This past month, after a long break, I wanted to get in shape so I started working out again. It’s difficult to motivate myself to do anything, especially exercise, so this time, as I was looking for a new work out routine, I laid down these minimum requirements that had to be met:
- Any workout has to be group-based because I lack self-discipline.
- Classes should be held in the evening (and not coincide with prayer times) because ain’t nobody gon’ wake up at dawn.
- It also has to be held somewhere between the office and home so that I drop in and drop out quickly, and get back home as soon as possible to wash up and lie on my bed.
So instead of getting a yearly gym subscription and wasting it (see point 1 above), I opted for a monthly fitness membership that gives me access to various studios and gyms. I’ve tried different workout classes before so I know my favourites—I like kickboxing and muay thai to get the heart pumping, and I like yoga for stretching out tight muscles and days I want to take it a little slower—so I zoomed in on those specialised studios.
After signing up, I also gave pilates, zumba toning and HIIT a try. I really enjoyed them, so I’ve settled on a weekly routine that’s a mixture of all the classes I liked. For a single workout package, I’m super happy that I can change it up according to what I feel like doing that day.
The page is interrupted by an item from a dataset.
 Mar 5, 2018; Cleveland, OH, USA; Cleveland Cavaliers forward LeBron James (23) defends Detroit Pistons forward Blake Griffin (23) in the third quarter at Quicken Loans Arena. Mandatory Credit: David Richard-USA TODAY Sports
Exploring the different exercises made me think about creative dabbling. Just like how I’m interested in many types of artistic expressions, it seems I approach fitness the same way. Instead of doing one type of exercise, I have zumba on one day, then muay thai the next, then pilates on the following day. Nothing is on repeat and this keeps me interested. I get excited when I can personalise and choose what I want to focus on in a particular week.
I’m discovering that this explorative style works well for me because I prefer some flexibility within a structured framework. And even though I am dipping my hands in many buckets, my exploration doesn’t take away from my original intention, which is to keep fit and take care of my body.
The same can be said for my creative endeavours. Underneath my desire to write, paint, photograph or make videos is a simple yearning: I want to tell a story. A good one.
And my far-flung interests may seem random and disjointed, but there is a singular motivation that driving us to keep poking, to stay curious. The reason may not be clear immediately—I sure didn’t figure that one out in a year or five years; it took a really long time— but I guess our job is to follow the breadcrumbs and see where it leads, and have fun along the way.